Perspectives on Leg 2: Hampton to St. John

I’m back. It’s Thanksgiving and I’m finally getting back to updating the blog. I was gone for only two weeks, but this transitional period gives me a nice shifted perspective on the familiar. There is a heavy frost on the grass and except for the oaks, the trees are amazingly bare and motionless. Winter gray and crisp 30F temperatures are a shocking contrast to the 85F and lush hilly surroundings I just left behind at Great Cruz Bay St. John. All the intersections are backed up with traffic here in the Boston suburbs. Cars and their drivers seem so fancy and "done up", and their driving seems so aggressive and hurried. Julia seems to have grown another inch. I'm hit with momentary nauseating waves of "land sickness" when I showered and sat in the dentist's chair. The shifted perspectives at the coming are as interesting as those at the going. They are within the personal scale of this adventure; Heron and any of the hundreds of other boats in the snowbird fleets ain't on no shtinkin’ Ernest Shackleton voyage. But Chris H., who last year did this trip for the first time on his boat last winter was wise to say that he learned a lot about himself from doing this trip --and that I should expect to as well. Time will tell. To me, it’s not about silly fiberglass vessels, or emulating eighteenth century caricatures pulling on lines, or adolescents drinking at beach bars or salty dogs puffing dock-talk bravado; it's definitely about being amazed with the present and nature—in the company of interesting friends. That’s pretty harsh, but the Jimmy Buffett icon never made my boat float. Geez Jay, just tell me about the trip! Sorry--I just had to put that context out there.

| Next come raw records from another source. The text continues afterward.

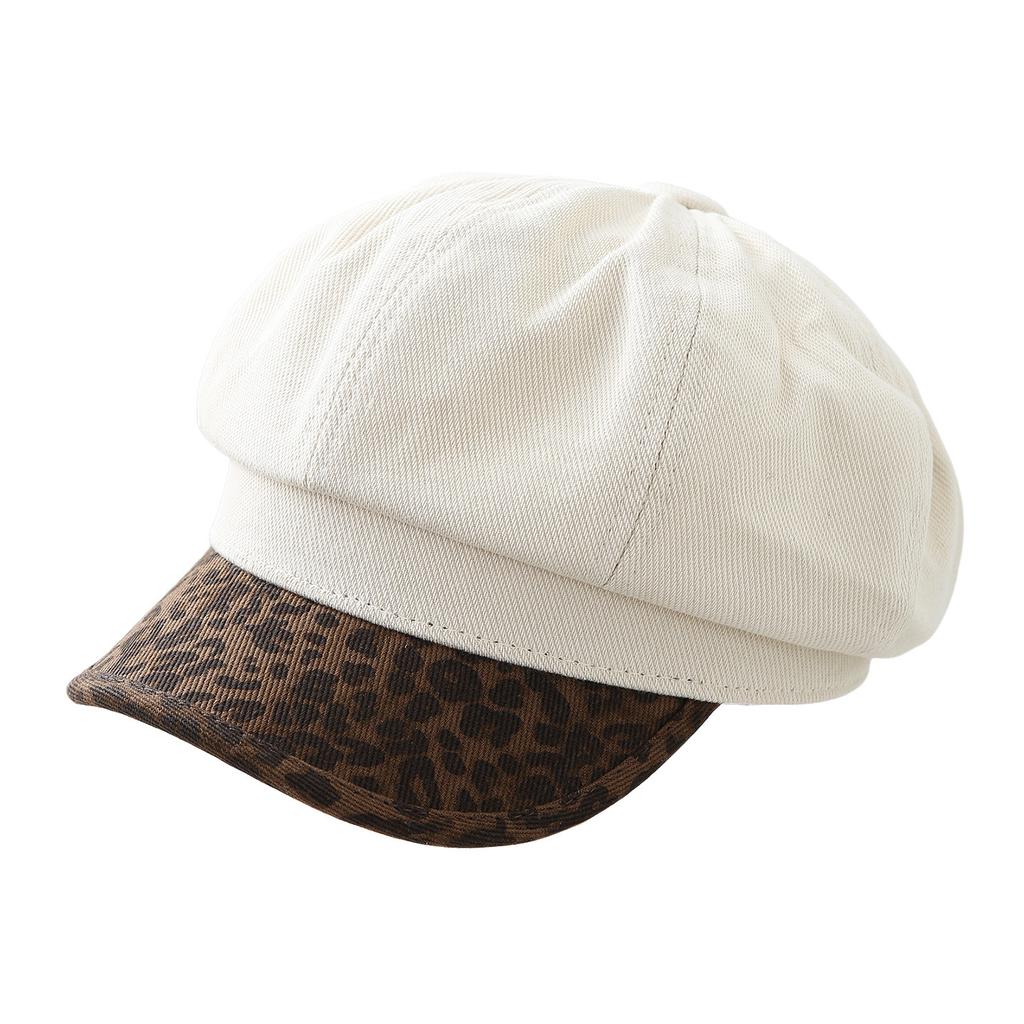 Simple Small Standard Leopard Print Octagonal Hat Women's Autumn New Casual Versatile Cap Outdoor Trendy Painter Hat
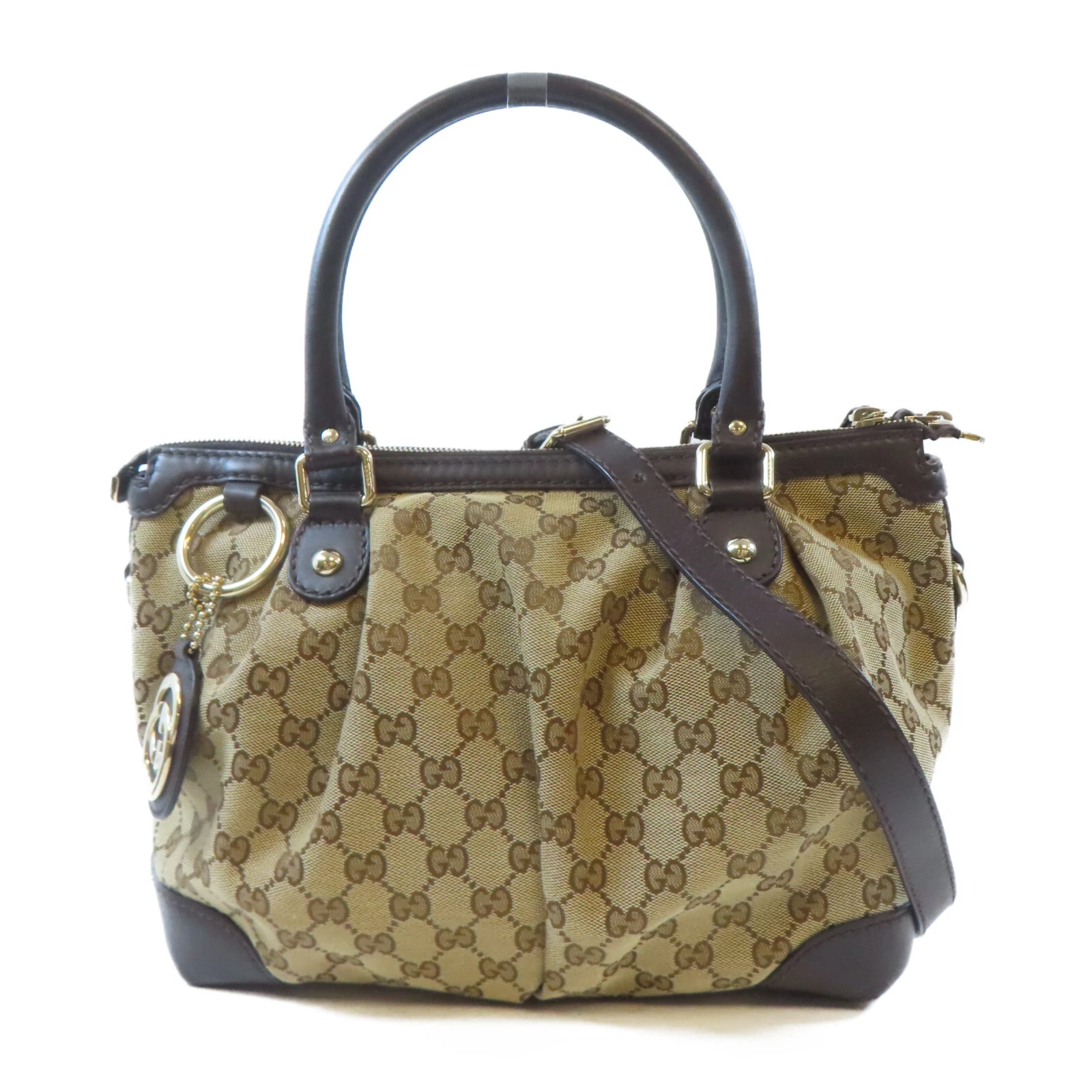 Sac à bandoulière GUCCI GG GHW 2 voies 247902 toile marron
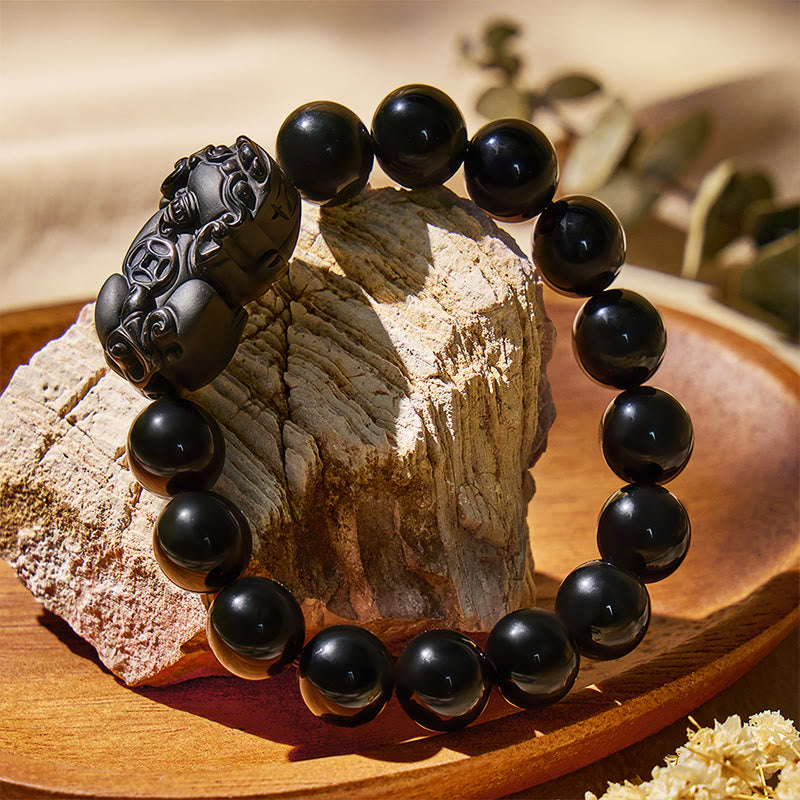 FuAttract Aegis of Shadows - Premium Black Obsidian Pixiu Protection Bracelet - image 1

BTW my personal rule for the blog is that I will not deliberate or polish. It’s not a book. So you’ll have to suffer with colloquial stream-of-thought outbursts that can be written in under an hour without drafts or revisions. I force myself to not think ahead about what I’ll write. I try not to limit it to being a pure narrative. I’m trying on one hand to record and to share, and on the other hand to avoid dragging the actual physical experience back into the virtual intellectual notion from which it came.


It’s a vast ocean. That’s the first thing that hit me. I’ve sailed to or from Bermuda thirteen times, but this was two Bermuda trips. I knew that beforehand. Now I feel what that means. Day after day of sailing in the same wind on the same seas. Two gybes and one tack in seven days. Nothing to see except blue sky on blue water. Sunrise, sunset, sunrise, sunset, and on and on. It forced a mental shift on our perspective of time and distance. We were tiny and insignificant flotsam on an ocean dessert.


It’s spectacularly gorgeous. That’s the second thing that hit me. I was sick of hearing myself say “wow”. When there is nothing to obscure all 360 degrees of horizon--the moonrises and sets, the sunrises and sets, the meteors, the satellites, the crests of big waves in the distance, the prominence of the Milky Way, the brightness of the planets, the lines of tropical clouds along the horizon, the blue and green colors of the mahi mahi and the seven foot black marlin—were all things that took my words away. We were immersed in grand majesty, experiencing an elemental beauty.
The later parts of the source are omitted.